Но другого пути у него под рукой не оказалось и он плюхнулся в кресло, одновременно шаря рукой по больничной тумбочке. Наверное, ищет еще один сэндвич, злорадно подумала Ася. Жилистый все время украдкой поглядывал на нее, как будто ждал чего-то, и она сообразила, что занятая матерью и размышлениями о Мишке и Соне, не задала подозрительной парочке никаких вопросов, как будто ее не интересовали ни другие миры, ни таинственные предсказания. Ей и на самом деле было не слишком интересно, но от нее явно ждали вопросов и она решила не разочаровывать Жилистого, который не сделал ей ничего плохого и даже напоил вкусным кофе. Поэтому, допив кофе, она поинтересовалась механизмом предсказаний. Ответил ей Рыхлый. Не найдя второго сэндвича, и развалившись в кресле, он упоенно вещал:

–– Видите ли Ася, там, в невидимых мирах, время течет по своему…

Наверное, после первого сэндвича он расслабился и теперь не злоупотреблял терминологией. По крайней мере сейчас она понимала почти все из некогда заумных объяснений Рыхлого. Он рассказывал, например, что время в иных мирах может быть обратным нашему, так что их "потом" это наше "прежде" и наоборот. У нее всегда было больное воображение и Ася живо представила себе “потустороннего” старика, становящегося молодым человеком, потом ребенком и исчезающего, наконец, в материнском чреве. Увидев, что она улыбается, Рыхлый ехидно заявил:

–– Но это, Асенька, лишь примитивная модель, для чайников.

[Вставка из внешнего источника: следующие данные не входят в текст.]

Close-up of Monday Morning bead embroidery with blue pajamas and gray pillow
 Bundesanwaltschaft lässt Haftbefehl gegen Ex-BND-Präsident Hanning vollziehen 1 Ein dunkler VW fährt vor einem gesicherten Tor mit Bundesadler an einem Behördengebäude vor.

Оказалось, что его команда ученых разработала несколько возможных моделей течения времени в этих потусторонних сферах. Было там и медленное время, когда у нас проходили года, а у них мгновения. Было там и быстрое время, когда каждая наша секунда соответствовала их векам. Но больше всего ее заинтересовала "перпендикулярное" время. Этим термином Рыхлый назвал такую модель, в которой для наблюдателя в нашем мире там. за границей измеряемого, все происходило одновременно, потому что течение их времени было "ортогонально" развернуто по отношению к нашему. Этого она уже понять никак не могла, а Рыхлый продолжал вещать о времени, закрученном в четырехмерную спираль, и о времени, разбитом на дискретные фрагменты и о прочем, что она уже не слушала. Причем, по его разумению, все это невероятные миры могли существовать одновременно и для каждого из них у него была разработана математическая модель с очень точными формулами. Тут вмешался Жилистый, заметивший что его напарник слишком уж глубоко залез в математические дебри. Прервав его возгласом:

–– Остынь, Попай!

…он напомнил Асе про пророков и предсказателей. Если верить его объяснению, то провидцы пользовались информацией из других миров, где будущее уже свершилось, хотя наше прошлое там возможно еще не начиналось. Одного он только не мог сказать – в каком из этих миров пребывал сейчас Мишка и как его оттуда вернуть. А ведь ее интересовало только это, а отнюдь не какие-то там "диагональные" миры. Поэтому именно на этот вопрос она потребовала ответа. На это Жилистый заявил, что Мишка никуда не делся, потому что материальное тело переслать между мирами невозможно как в силу разности физических законов так и из-за энергетического барьера. Насчет последнего он пояснил, что связь между мирами требует неимоверных затрат энергии и непонятно, что это за энергия и откуда она берется. Но ведь как-то Кассандра и прочие заглянули туда, удивилась она, иначе откуда у них неизвестные им до тех пор сведения? При этих ее словах Рыхлый возмущено хмыкнул, а Жилистый грустно процитировал:

–– Есть многое на свете, друг Попай, что нашей философии не снилось!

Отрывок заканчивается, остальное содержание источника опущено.